== THE PROBLEM ==
Please, without any pictures, set down exactly the part of the listing below that opens with the line containing "Gragnano in Corsa" and closes with the line containing "Poze..^_^ - ~ Lil Angel ~ - Honey and Clover".

== AVAILABLE DATA ==
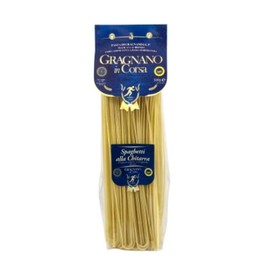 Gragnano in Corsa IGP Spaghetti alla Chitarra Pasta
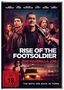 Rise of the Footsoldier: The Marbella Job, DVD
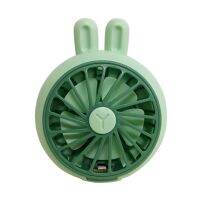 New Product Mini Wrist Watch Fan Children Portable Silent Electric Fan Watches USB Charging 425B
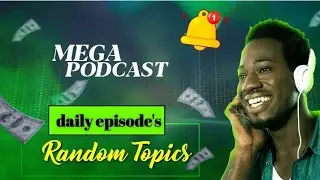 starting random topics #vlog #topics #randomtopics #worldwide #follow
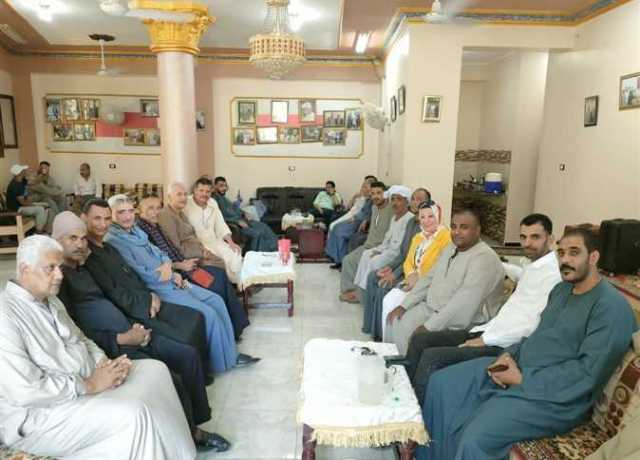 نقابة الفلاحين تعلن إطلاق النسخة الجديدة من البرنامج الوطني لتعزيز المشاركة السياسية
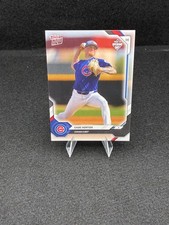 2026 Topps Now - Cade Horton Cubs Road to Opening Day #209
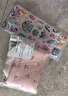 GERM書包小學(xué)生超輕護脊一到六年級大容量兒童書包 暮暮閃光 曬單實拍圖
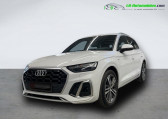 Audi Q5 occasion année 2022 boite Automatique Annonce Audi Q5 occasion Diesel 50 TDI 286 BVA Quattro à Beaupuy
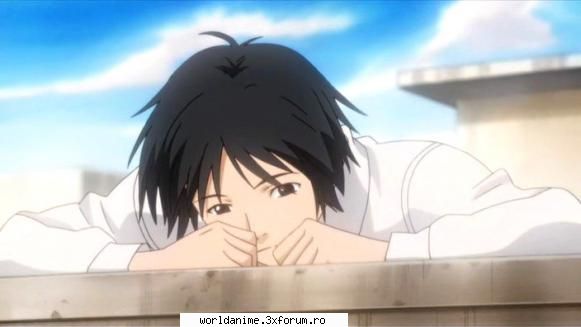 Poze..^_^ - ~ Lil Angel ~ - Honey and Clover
==
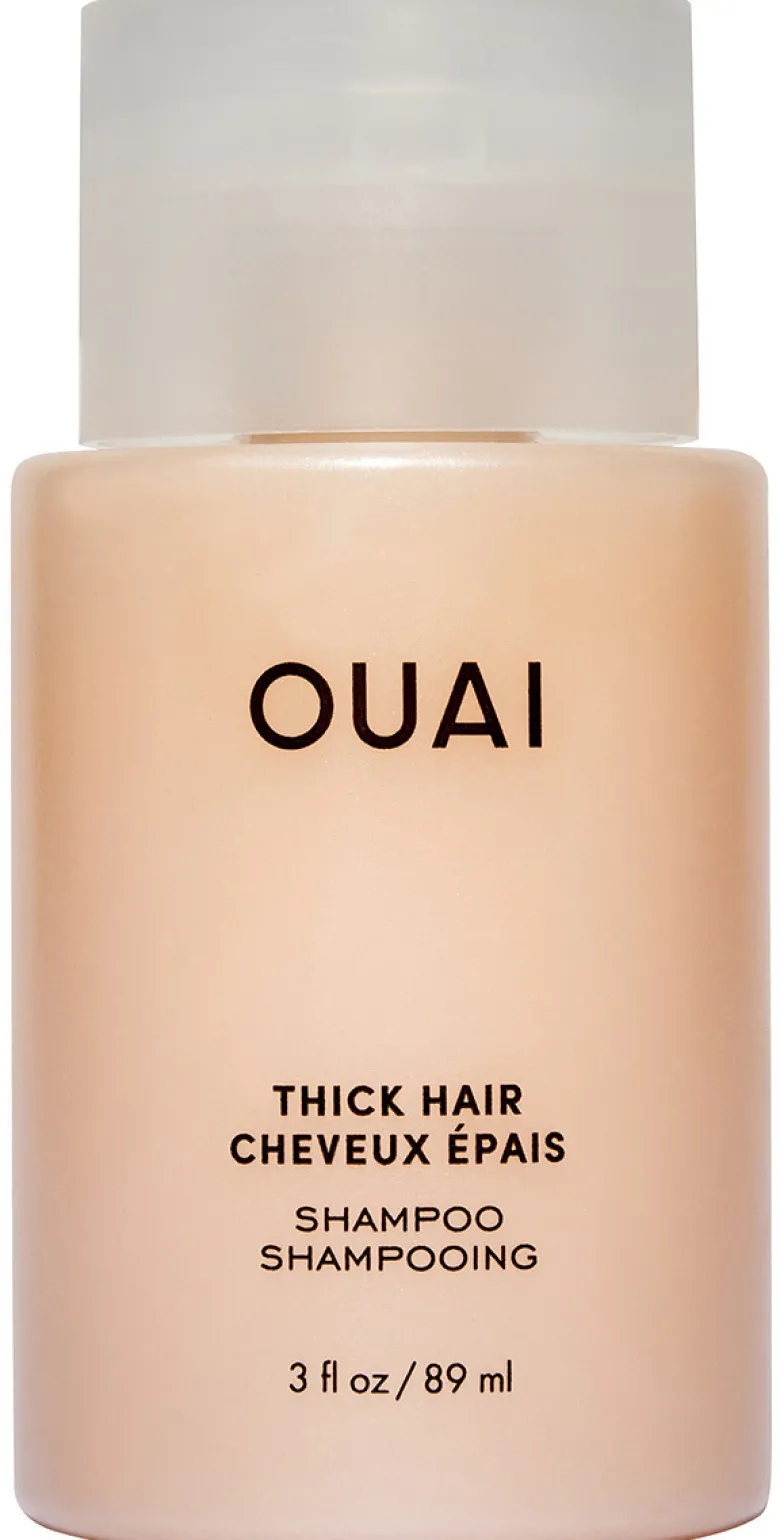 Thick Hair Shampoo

== RESPONSE BOX ==
 Gragnano in Corsa IGP Spaghetti alla Chitarra Pasta
 Rise of the Footsoldier: The Marbella Job, DVD
 New Product Mini Wrist Watch Fan Children Portable Silent Electric Fan Watches USB Charging 425B
 starting random topics #vlog #topics #randomtopics #worldwide #follow
 نقابة الفلاحين تعلن إطلاق النسخة الجديدة من البرنامج الوطني لتعزيز المشاركة السياسية
 2026 Topps Now - Cade Horton Cubs Road to Opening Day #209
 GERM書包小學(xué)生超輕護脊一到六年級大容量兒童書包 暮暮閃光 曬單實拍圖
 Audi Q5 occasion année 2022 boite Automatique Annonce Audi Q5 occasion Diesel 50 TDI 286 BVA Quattro à Beaupuy
 Poze..^_^ - ~ Lil Angel ~ - Honey and Clover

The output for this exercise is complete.